The most expedient way of making targets is to get slices of some large diameter logs. Areas that are being cleared for construction are a good resource. Also check out local saw mills to see if you can scam some slices. Ideally the slices should be 2 or more feet in diameter with each slice 6 or more inches thick.
If you cannot get log slices another possibility is sandwiching common lumber together to make the target. This has the added benefit of allowing you to make very large (and heavy, not that a 12 inch thick 2 foot diameter slice of oak is light) targets. Start with any 2 inch or more thick lumber you can get cheap. use wooden pegs to sandwich them together or attach them to an 'A' frame backing. Targets can be made quickly this way, but they have two drawbacks. First, a good days throwing will make lots of kindling. Second, they present the 'long' grain to the thrower. If the weapon doesn't strike the target in the direction of the grain then it will have a harder time sticking in, and will make bounce outs and ricochets more unpredictable.

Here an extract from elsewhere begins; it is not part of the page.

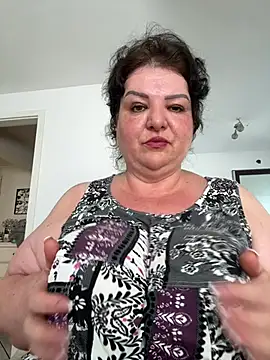 Snapshot of curvymilfmicha chatting on 06.27.26 curvymilfmicha online show from 06.27.26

Using 4x4s (or lots of 2x4s) targets that present end grain to the thrower can be made. This is done by mounting 6 inch slices of the lumber in a frame designed to tightly hold them together. I've never made a target like this but it seems quite feasible. The only difficulty is in making the frame. It must maintain the tension desired without using any exposed metal that can damage weapons. With such a target you could actually disassemble it from time to time and replace just the slices that are damaged.